So what did we learn?!

After Luka became stable from the acute liver failure, he did every test under the sun to try and understand what caused the liver to fail. The doctors were at a loss. We would have been in a diagnostic desert without Gene sequencing. So what did we learn?

THIS missense mutation causes degraded function in an assembly factor of the organellular proton pump, which enables a wide range of biological pathways.

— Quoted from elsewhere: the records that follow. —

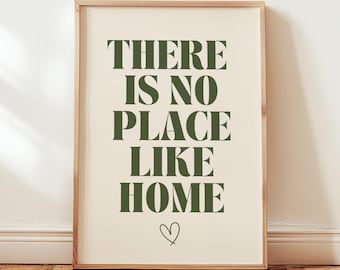 There's No Place Like Home Art Print, Housewarming Gift, Quote Home Decor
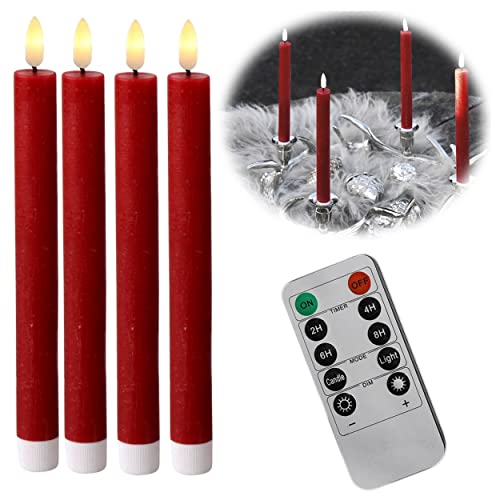 LS-LebenStil 3D Stabkerze Rot 24,5cm Echtwachs 4´er Set Timer bewegliche Kerzen Flamme von LS-LebenStil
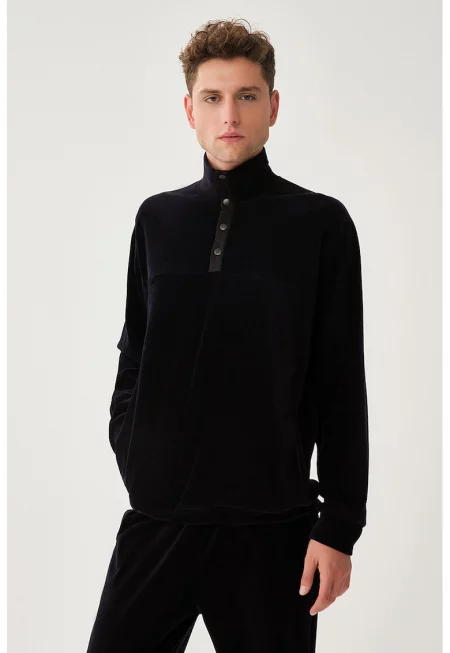 Пуловер с капси - Тъмносин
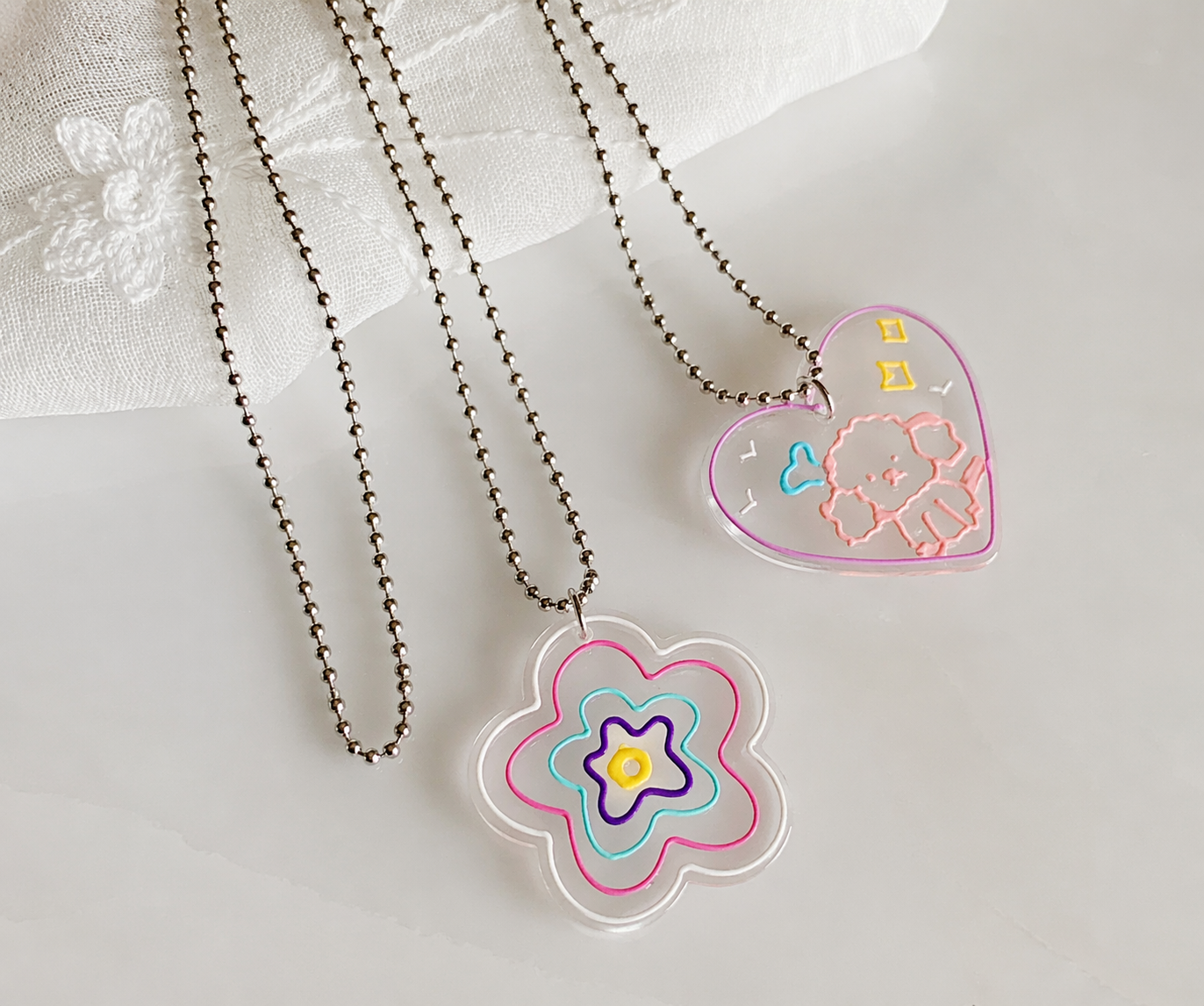Pastel Star Flower Acrylic Pendant Necklace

Ultimately, it results in defective protein synthesis, degradation, and the subsequent waste elimination.

PROTON PUMP

Proton pumps are an integral membrane protein located on the membranes in just about every cell of the body, but can have different roles depending on membrane location.

This particular protein is called a vacuolar ATPase, and are ATP-dependent proton pumps, found on the golgi and lysosome, whose functions include the acidification of intracellular compartments and the extrusion of protons through the cell cytoplasmic membrane. Lysosomes, endosomes, and a variety of other intracellular organelles are acidified by this assembly of unique proton pumps.

Proper pH environment within organelles is necessary for proper protein transport in support of a wide range of cellular processes.

WHAT DOES THAT MEAN?

Cellular acidity affects metabolism, protein synthesis, membrane transport, muscle function (as examples) through a variety of characterized biological pathways.

 The Golgi apparatus, Lysosomes and Endoplasmic Reticulum maintain a specific organellular pH to create, modify, and degrade vital proteins.

Ok, so the pump is faulty, now what?

Life requires energy. The universal, biological fuel is a molecule called ATP, or Adenosine Triphosphate. This ATP6AP2 mutation belongs to a subset of V-ATPase defects linked to lysosomal storage disorders, congenital disorders of glycosylation, as well as neurological disorders.

Within this disease - there are multiple things happening at once that this pump is responsible for, that it can’t quite do properly.

Problem one: is during a process called glycosylation. Glycosylated proteins (glycoproteins) are proteins that have carbohydrate groups (or sugars) attached to each other to form a polypeptide chain that form in the golgi apparatus. These proteins travel through the golgi and endoplasmic reticulum as they carry out their protein synthesis.

In order for protein synthesis to take place, the process by which amino acids are linearly arranged into proteins through the involvement of ribosomal RNA, transfer RNA, messenger RNA, and various enzymes, the pH levels at the Golgi and Endoplasmic reticulum must be precisely maintained.

The last part of the process of glycosylation is adding a sialic acid component. (A fancy word for the last sugar on the sugar chain!) Sialyltransferases are enzymes that attach the sialic acids. With this disease, because the pH levels can’t quite be maintained, the sialyltransferases without the proper energy, get tired, or lazy, and can’t attached all the sugars on the chain.

Not fully glycosylated proteins can result in muscle weakness, low tone, potential muscle atrophy, a compromised immune system, and unhealthy brain function.

Problem One: Glycosylation

Problem Two: Protein Waste Removal

Autophagy is the body’s way of cleaning out old or damaged cells and regenerating new/healthier cells. A carrier structure called the autophagosome gathers up old waste and improperly made proteins by engulfing it like pac man, and takes it to the lysosome. It then fuses itself to the lysosome and pushes the junk into the lysosome to get degraded and recycled. A healthy lysosome regulates this process of autophagy in a feedback pathway loop, that breaks down waste into manageable components, providing building blocks for metabolism.

And how are these functions executed? You guessed it, they are reliant on a properly acidified environment, which is enabled by a functioning proton pump on the lysosomal membrane to generate the exact proton concentration within the lysosome.

Deficiencies in lysosomal pH disrupt autophagy and create a buildup of under-degraded waste. Within this disease, the buildup has created cirrhosis of the liver, brain developmental issues. It has also been linked to age-related diseases such as Parkinson’s, Alzheimer’s, Dementia, and Huntington’s disease.

The more junk that’s not able to be cleared, the more it will build up in the body and cause harm.

To achieve the ciritcal pH, lysosomes must have functional proton pumps to generate the exact proton concentration within the lysosome.

Glycosylation and synthesis at the Golgi, and lysosomal elimination and autophagy are critical pathways that are drastically impacted by mutations of the V-ATPase proteis.

OUR AIM:

To create a novel therapeutic that will address both glycosylation and autophagy issues.